Mr Collins’ complete refusal to take Elizabeth’s refusal seriously is amusing enough on its own, but an extra layer of humour is there in Elizabeth’s response for those who know what happens later. Although she insists that “I am not one of those young ladies (if such young ladies there are) who are so daring as to risk their happiness on the chance of being asked a second time” this is of course exactly what happens, unintentionally, between Elizabeth and Mr Darcy: she refuses his first proposal, eventually realises that in doing so she has thrown away her chance of happiness and then is given a second chance when he asks again. Even though Elizabeth is not playing coy games in this latter instance, it provides another chance for the knowing reader to see Elizabeth’s prejudices in action and for Jane Austen to prove her heroine fallible; not only is she wrong about Mr Darcy and Mr Wickham, she is also wrong about herself.

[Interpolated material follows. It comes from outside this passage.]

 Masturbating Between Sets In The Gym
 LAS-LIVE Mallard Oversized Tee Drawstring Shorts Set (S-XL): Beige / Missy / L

This time around, I also found I was able to read more objectively rather than always siding with Elizabeth Bennet (always tempting with such an entertaining and likeable character). On the first reading of this book, I followed Elizabeth’s lead exactly as Jane Austen (I think) intended, but on subsequent readings I have more knowledge of exactly how the plot develops than she does, and therefore it is impossible to fall in with her in quite the same way as I am looking out for different things. Whereas before I found myself carried away with indignant reproach and Mr Darcy’s rejection of Elizabeth, this time I found his attraction towards her far more obvious throughout the book. Although I loved reading the book and being thoroughly caught up in Elizabeth’s thoughts and feelings, I also enjoyed visiting it again with a greater distance between her opinions and my own and I think it makes Pride and Prejudice a much more humorous, interesting and thoughtful book. It is testament Jane Austen’s great skill as a writer that I find all her books work in this way, offering more to me as a reader the more times I return to them.
There are so many things that I haven’t mentioned here: the wonderful comedic characters of Mrs Bennet and Lady Catherine, the sweet romance between Jane and Bingley, the dynamic that exists between the Bennet sisters. There is so much to appreciate in this wonderful novel that I couldn’t possibly cover it all. Needless to say, I think it is deserving of its status as both a classic and a popular novel. I can’t wait to rediscover my next Austen now!